En el trabajo publicado la semana pasada, se advierte que esa sequía «produce diversos impactos en sectores de la actividad productiva y preocupa a expertos y autoridades», se señala que «la situación se perfila compleja y en el horizonte las noticias no son alentadoras».

Durante el trimestre mayo-junio-julio, se intensificó el déficit de precipitaciones en todo el sur y oeste de la Patagonia, y se amplió también a la cordillera de Cuyo, con acumulados de precipitación muy por debajo respecto a los valores normales para la época: concretamente, 200 mm por debajo del promedio climatológico (1981-2010), precisa el organismo.

«Las zonas cordilleranas de estas regiones del país suelen tener su máximo de lluvias en esta época del año, pero actualmente estamos ante un panorama completamente inverso. En consecuencia, se presenta una situación de sequía», señala el informe.

Déficit histórico de nieve

En lo que hace a caída de nieve, el norte patagónico presenta los valores más bajos desde 2000, situación completamente opuesta a 2020, cuando presentaba una máxima extensión del fenómeno en la región. En cuanto al sector sur, el trimestre mencionado es el segundo más bajo desde 2000, sólo superado por el mismo trimestre de 2015.

De hecho, varias ciudades patagónicas presentaron una baja frecuencia (cantidad) de días con nieve entre marzo y julio, destacándose Bariloche y Esquel, con 10 a 11 días menos respecto a los valores normales (periodo marzo-julio 1981-2010), advierte el SMN.

Finalmente, las escasas precipitaciones se reflejan en el gran déficit de nieve que puede observarse por medio de imágenes satelitales, si se compara con el mismo trimestre (mayo-junio-julio) pero de 2020:

Imagen SMN

Pronóstico poco alentador

De acuerdo al informe, el pronóstico no es alentador: sobre toda la región domina un patrón de circulación atmosférica que disminuyó la frecuencia de avances de frentes fríos, con sistemas de altas presiones que impiden la formación de precipitaciones y favorecen temperaturas más cálidas que lo normal.

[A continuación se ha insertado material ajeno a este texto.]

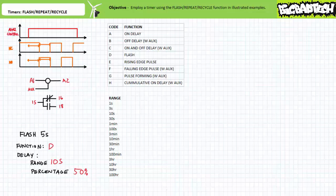Troubleshooters take note: a multi-function timer executing the right function at the wrong time needs to have the delay adjusted. In contrast, a multi-function timer executing the wrong function at the right time needs to have the function adjusted. Misinterpretation of functions is not as rare as one might think. Also note that timers executing the on-delay or off-delay sometimes have unique schematic symbols, but timers executing the flash function are often represented schematically as regular normally closed or normally open contacts. The documentation associated with the ladder logic diagram should clearly indicate these contacts are performing the flash function.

En el próximo trimestre, que contempla a agosto-septiembre-octubre, el pronóstico indica una mayor probabilidad de que la precipitación sea normal o inferior a lo normal en casi toda la región. La excepción sería sobre el sur de la Patagonia, donde hay mayor probabilidad de ocurrencia dentro de los rangos normales.

En cuanto a las temperaturas, se puede esperar un trimestre más cálido que lo normal en Cuyo y el sur y este de Patagonia; en el oeste patagónico, se prevén temperaturas normales o superiores a lo normales con igual probabilidad de ocurrencia.

Emergencia provincial

En ese marco y como ya se informara, el gobierno neuquino decretó por estas horas la Emergencia Hídrica, Social y Productiva, atendiendo a la situación que presentan las cuencas de los ríos Limay, Neuquén y Colorado: una persistente sequía que se manifiesta hace más de una década.

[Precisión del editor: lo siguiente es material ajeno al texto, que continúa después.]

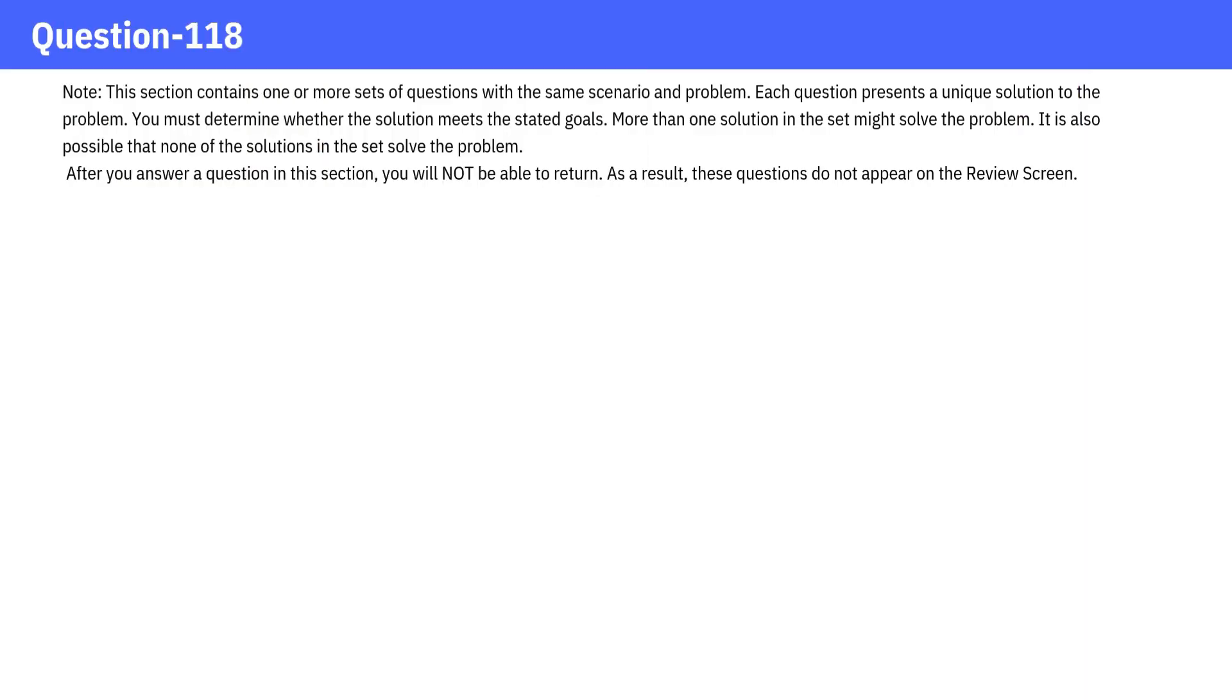Note: This section contains one or more sets of questions with the same scenario and problem. Each question presents a unique solution to the problem. You must determine whether the solution meets the stated goals. More than one solution in the set might solve the problem. It is also possible that none of the solutions in the set solve the problem. After you answer a question in this section, you will not be able to return. As a result, these questions do not appear on the review screen.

De acuerdo a las autoridades provinciales y en consonancia con lo señalado por el SMN y también por la AIC, este año presenta el punto más crítico de la sequía, producto de las escasas nevadas y ausencia de precipitaciones y que afecta las actividades agropecuarias que se desarrollan en la provincia y compromete el acceso al agua para consumo humano en las áreas rurales.

En ese sentido, el Ministro de Producción e Industria, Facundo López Raggi, precisó que el decreto firmado por Omar Gutiérrez «incluye sequía en general, tanto en el impacto que tiene en la faz productiva como en lo que es riesgo de incendio, y asegurar el abastecimiento de agua potable para las familias urbanas y rurales, como los ejes más importantes».

El funcionario puntualizó que «es importante profundizar en la concientización de la población en el uso racional que tenemos que hacer y los productores tienen que cambiar algunas prácticas para optimizar eso. En ese sentido estamos trabajando, transmitiendo, dando incentivos porque va a ser necesario hacer un cambio en el paradigma de producción».